Présidente du Jury au dernier Festival du court métrage de Lille, Laetitia Masson ( « Je suis venue te dire », « En avoir (ou pas) », « A vendre », …) est une actrice/réalisatrice rebelle et contemplative inspirée par l’amour de l’être humain et la prise de risques au cinéma. Jeu de regards, jeu de questions.
Tu as fait la Fémis au début des années 90 alors qu’elle n’en était qu’à ses balbutiements. Comment voyais-tu l’école à cette époque ?

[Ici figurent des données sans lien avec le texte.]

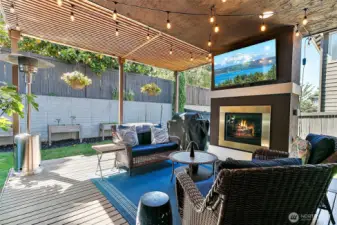 Serene outdoor deck area with gas fireplace and TV.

C’est un moment très important dans mon histoire. En tant que provinciale, originaire de Nancy, je ne connaissais absolument personne dans le cinéma. J’avais fait un court métrage avant de rentrer à la Fémis mais ça ne m’autorisait aucunement à penser que j’étais légitime dans la profession. J’étais assez timide et je sentais que j’avais besoin d’une structure. La Fémis a donc été salvatrice pour moi, d’une part j’y ai rencontré des gens de ma génération qui pensaient comme moi et pour qui le cinéma était très important, et d’autre part, j’ai appris énormément en ce qui concerne la technique. Par ailleurs, ce qui était intéressant, c’est que comme c’était le début, l’école se cherchait encore, expérimentait des choses, n’était pas figée. Je pense que c’est toujours mieux une institution qui doute qu’une institution qui est sûre d’elle. Maintenant, j’ai l’impression que l’école est devenue une sorte d’usine à fournir une industrie du cinéma et à fabriquer des gens qui vont faire des téléfilms. Nous, on était des rebelles, des idéalistes un peu fous. On se disait que le cinéma pouvait être une expression artistique en soi et pas seulement un métier. D’ailleurs, très peu de gens de ma promotion ont réalisé des films par la suite.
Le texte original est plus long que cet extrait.